Geology of Vulcano
View of Vulcano from the island of Lipari. The green islet centre left is Vulcanello, which is connected to Vulcano by an isthmus. The Fossa cone is immediately behind it.
The volcanic activity in the region is largely the result of the northward-moving African Plate meeting the Eurasian Plate. There are three volcanic centres on the island:
At the southern end of the island are old stratovolcano cones, Monte Aria (500 m), Monte Saraceno (481 m) and Monte Luccia (188 m), which have partially collapsed into the Il Piano Caldera.
The most recently active centre is the Gran Cratere at the top of the Fossa cone, the cone having grown in the Lentia Caldera in the middle of the island, and has had at least 7 major eruptions in the last 6000 years.
At the north of the island is Vulcanello, 123 metres high, and is connected to the rest of it by an isthmus which is flooded in bad weather. It emerged from the sea during an eruption in 183 BC as a separate islet. Occasional eruptions from its three cones with both pyroclastic flow deposits and lavas occurred from then until 1550, the last eruption creating a narrow isthmus connecting it to Vulcano.
Vulcano has been quiet since the eruption of the Fossa cone on August 3, 1888 to 1890, which deposited about 5 metres of pyroclastic material on the summit. The style of eruption seen on the Fossa cone is called a Vulcanian eruption, being the explosive emission of pyroclastic fragments of viscous magmas caused by the high viscosity preventing gases from escaping easily.
History of Vulcano
The Greek wind god Aeolus was said to have lived on this island, then called Hierà. The name for the entire Aeolian Island chain descended from the mythical residence of Aeolus. The Roman name for the island Vulcano has contributed the word for volcano in most modern European languages. The Romans used the island mainly for raw materials, harvesting wood and mining alum and sulfur.
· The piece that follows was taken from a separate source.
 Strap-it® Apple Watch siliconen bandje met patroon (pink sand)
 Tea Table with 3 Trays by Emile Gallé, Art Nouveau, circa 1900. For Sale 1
This was the principal activity on the island until the end of the 19th Century.
The Gran Cratere. A sense of scale is provided by the tourist visible near the centre of the crater.
When the Bourbon rule collapsed in 1860 (see Francis II of the Two Sicilies) a British man named James Stevenson bought the northern part of the island, built a villa, reopened the local mines and planted vineyards for grapes that would later be used to make Malvasia wine. Stevenson lived on Vulcano until the last major eruption on the island, in 1888. The eruption lasted the better part of two years, by which time Stevenson had sold all of his property to the local populace, and never returned to the island. The villa is still intact.
Currently, around 470 people live on the island, mainly deriving their income from tourism. It is a few minutes hydrofoil ride from Lipari and has several hotels and cafes, the important attractions being the beaches, hot springs and sulfur mud baths.